I pick up a towel that’s laid on the arm of the sofa and wrap it around my waist so I can go to the bathroom.

In the bathroom I take the towel off and then my underwear. I just stare at it. My mind expected just to see wet clothes, but the red glares at me and I stare at it as though I have never seen blood before.

I feel nothing. No pain, no bruises. I don’t know why it’s there. I don’t feel ill. I feel panic inside. Fear. I don’t want Joanne to see. I don’t want to know where it came from.  I get in the shower instead. I don’t care that it isn’t heated yet. I want to hide from my blood soaked shorts. Maybe I’m dreaming. Maybe they aren’t there. Maybe it’s from the phet. I shower, but I can see them through the door. I have to get rid of them.

They are still there when I finish showering. Part of me wonders why. Why didn’t they just vanish? I can’t sneak them out. I’m sure that Joanne will see them. She’ll come out of the lounge the moment I come out of the bathroom with them in my hand. I get the envelope that holds my needles instead. I tip those into Joanne’s makeup bag and then I put my shorts in the envelope.
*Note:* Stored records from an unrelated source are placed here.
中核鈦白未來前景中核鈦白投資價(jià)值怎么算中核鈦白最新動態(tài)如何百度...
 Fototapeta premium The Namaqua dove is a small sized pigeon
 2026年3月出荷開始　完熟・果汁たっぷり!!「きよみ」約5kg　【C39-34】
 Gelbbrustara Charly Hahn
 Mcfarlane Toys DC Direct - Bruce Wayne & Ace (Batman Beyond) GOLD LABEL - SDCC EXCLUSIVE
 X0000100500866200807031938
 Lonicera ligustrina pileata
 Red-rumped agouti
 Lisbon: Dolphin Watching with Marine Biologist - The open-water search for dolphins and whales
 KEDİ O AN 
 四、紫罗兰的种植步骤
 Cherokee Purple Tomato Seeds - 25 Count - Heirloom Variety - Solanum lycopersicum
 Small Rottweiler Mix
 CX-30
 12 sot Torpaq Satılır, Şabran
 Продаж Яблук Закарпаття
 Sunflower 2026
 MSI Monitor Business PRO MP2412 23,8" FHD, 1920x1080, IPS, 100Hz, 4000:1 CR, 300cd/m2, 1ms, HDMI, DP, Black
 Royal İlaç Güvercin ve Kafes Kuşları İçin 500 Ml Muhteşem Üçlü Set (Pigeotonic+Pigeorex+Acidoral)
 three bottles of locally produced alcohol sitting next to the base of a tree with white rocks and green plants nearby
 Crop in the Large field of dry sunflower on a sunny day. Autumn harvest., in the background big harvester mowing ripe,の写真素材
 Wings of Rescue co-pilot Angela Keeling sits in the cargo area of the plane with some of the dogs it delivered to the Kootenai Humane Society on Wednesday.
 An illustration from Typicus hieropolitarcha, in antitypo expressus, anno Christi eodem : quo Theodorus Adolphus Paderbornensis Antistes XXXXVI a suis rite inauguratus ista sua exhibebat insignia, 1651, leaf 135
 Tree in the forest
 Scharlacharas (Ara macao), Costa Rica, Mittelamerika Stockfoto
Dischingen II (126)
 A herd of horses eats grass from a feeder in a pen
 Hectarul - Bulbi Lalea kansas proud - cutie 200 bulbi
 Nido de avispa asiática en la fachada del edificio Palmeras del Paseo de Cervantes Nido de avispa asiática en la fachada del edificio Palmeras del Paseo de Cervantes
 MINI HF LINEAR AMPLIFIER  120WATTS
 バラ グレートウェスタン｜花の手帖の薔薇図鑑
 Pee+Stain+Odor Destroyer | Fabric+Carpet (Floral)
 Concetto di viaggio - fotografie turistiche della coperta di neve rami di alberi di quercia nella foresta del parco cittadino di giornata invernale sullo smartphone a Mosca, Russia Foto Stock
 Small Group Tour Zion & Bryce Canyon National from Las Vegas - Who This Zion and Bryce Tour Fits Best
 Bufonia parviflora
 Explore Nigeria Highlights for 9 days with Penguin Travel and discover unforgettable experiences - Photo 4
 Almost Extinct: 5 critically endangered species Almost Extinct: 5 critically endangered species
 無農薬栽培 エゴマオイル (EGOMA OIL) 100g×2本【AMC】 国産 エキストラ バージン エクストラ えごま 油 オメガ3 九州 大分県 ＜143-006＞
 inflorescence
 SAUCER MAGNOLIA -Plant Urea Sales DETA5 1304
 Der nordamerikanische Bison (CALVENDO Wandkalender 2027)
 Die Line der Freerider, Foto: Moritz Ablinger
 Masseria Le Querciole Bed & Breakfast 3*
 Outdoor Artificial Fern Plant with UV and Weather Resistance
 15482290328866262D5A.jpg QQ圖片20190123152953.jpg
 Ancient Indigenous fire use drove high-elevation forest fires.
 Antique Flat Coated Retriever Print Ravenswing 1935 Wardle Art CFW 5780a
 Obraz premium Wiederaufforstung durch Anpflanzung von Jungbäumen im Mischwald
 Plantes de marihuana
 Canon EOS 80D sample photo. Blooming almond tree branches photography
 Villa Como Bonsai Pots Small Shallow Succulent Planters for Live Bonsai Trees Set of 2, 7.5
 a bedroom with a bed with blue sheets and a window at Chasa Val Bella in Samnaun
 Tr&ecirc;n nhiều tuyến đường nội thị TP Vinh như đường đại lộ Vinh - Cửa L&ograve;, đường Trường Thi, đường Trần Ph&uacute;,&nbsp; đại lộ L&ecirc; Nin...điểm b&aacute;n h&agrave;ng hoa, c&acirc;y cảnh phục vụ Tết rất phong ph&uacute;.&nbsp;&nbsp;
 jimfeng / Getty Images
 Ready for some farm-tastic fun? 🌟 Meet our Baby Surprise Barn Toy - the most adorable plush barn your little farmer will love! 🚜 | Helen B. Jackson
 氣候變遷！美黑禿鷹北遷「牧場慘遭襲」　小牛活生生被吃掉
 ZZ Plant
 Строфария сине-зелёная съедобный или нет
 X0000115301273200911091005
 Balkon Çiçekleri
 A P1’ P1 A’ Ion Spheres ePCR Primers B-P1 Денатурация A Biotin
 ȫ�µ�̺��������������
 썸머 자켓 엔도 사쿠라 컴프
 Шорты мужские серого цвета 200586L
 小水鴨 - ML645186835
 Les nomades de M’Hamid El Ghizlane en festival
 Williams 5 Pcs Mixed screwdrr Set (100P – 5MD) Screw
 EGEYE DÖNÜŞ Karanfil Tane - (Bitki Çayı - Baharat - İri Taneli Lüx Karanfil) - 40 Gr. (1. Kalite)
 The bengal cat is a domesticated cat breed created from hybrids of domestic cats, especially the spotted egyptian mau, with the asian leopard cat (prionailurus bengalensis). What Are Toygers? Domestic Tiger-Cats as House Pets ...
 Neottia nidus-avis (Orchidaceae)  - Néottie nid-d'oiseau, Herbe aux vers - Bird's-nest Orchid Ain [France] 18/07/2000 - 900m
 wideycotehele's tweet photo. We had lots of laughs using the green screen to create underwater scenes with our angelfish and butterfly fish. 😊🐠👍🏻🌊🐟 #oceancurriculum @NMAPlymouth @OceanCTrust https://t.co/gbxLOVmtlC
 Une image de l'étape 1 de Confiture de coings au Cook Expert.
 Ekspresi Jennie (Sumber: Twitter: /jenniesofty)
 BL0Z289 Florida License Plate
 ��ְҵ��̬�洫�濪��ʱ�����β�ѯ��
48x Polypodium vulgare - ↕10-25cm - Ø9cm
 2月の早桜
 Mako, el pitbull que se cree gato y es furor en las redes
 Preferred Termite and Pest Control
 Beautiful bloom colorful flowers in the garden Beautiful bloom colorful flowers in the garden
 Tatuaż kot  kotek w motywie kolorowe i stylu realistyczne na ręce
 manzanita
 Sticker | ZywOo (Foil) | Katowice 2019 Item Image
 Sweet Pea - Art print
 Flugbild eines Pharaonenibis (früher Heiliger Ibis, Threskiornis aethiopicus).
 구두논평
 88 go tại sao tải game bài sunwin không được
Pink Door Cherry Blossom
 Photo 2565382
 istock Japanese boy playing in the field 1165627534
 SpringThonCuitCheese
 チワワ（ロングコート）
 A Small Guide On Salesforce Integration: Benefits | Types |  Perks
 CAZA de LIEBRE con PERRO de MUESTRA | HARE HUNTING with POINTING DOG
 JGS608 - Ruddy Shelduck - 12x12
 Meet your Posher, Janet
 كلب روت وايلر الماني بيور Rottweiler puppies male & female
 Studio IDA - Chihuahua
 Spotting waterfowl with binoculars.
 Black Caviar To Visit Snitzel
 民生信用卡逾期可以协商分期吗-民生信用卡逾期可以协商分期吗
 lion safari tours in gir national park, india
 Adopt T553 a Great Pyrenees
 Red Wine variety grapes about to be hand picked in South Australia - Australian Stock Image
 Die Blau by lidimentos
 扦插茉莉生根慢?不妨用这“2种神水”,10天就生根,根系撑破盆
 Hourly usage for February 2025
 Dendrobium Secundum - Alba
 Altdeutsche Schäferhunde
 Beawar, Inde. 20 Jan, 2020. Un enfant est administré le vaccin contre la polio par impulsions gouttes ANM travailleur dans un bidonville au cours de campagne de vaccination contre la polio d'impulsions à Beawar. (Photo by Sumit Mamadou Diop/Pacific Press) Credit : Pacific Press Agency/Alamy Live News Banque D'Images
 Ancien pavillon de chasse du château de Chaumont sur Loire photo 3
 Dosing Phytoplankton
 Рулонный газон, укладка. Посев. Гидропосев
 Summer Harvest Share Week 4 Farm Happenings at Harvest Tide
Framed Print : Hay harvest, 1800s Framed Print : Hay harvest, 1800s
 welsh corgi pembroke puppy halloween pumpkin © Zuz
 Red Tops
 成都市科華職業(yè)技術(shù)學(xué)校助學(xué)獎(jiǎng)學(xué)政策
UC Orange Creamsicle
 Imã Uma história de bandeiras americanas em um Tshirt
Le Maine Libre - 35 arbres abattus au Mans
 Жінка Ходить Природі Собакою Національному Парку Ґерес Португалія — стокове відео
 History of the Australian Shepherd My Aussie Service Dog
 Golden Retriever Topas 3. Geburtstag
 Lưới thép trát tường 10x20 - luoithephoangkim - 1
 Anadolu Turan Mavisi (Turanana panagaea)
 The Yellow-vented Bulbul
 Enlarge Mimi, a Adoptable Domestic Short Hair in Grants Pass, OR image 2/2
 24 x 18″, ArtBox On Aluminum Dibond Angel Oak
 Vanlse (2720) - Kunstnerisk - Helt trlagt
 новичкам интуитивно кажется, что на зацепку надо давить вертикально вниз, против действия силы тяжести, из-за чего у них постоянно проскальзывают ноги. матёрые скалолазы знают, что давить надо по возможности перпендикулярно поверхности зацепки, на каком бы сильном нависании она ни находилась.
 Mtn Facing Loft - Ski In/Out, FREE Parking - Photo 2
The blood is wet, it marks my hands and I just stare at it. I don’t know where it’s from. I don’t understand why I am bleeding.

 

Alley Kid 10

I follow the police into my lounge, the anxiety in my chest feels almost too much. I’m sure the moment they walk in they will see the phet like and hone in on it. I promise myself no more. Just this last one and if they don’t see it, no more. I’ll be done with the drugs. I realise what I’ll lose if they find them. I think about Will and him at his mothers, I can’t give him up for the drugs; I’d have nothing left at all. I think about Maz’s words, what I promised her. I couldn’t do it. I couldn’t do it to my son and let him suffer for my choices. That would make me no better than my own parents.BaseballBat

I look down and the phet is gone. I’m relieved but I’m afraid Joanne has it on her and they will search us. The police look everywhere. They lift up the cushions off the sofa, take out drawers, I have no real clue what they thing they are going to find, but it isn’t anything I have that they would want. The police finish, but they don’t clean up and the flat is a mess.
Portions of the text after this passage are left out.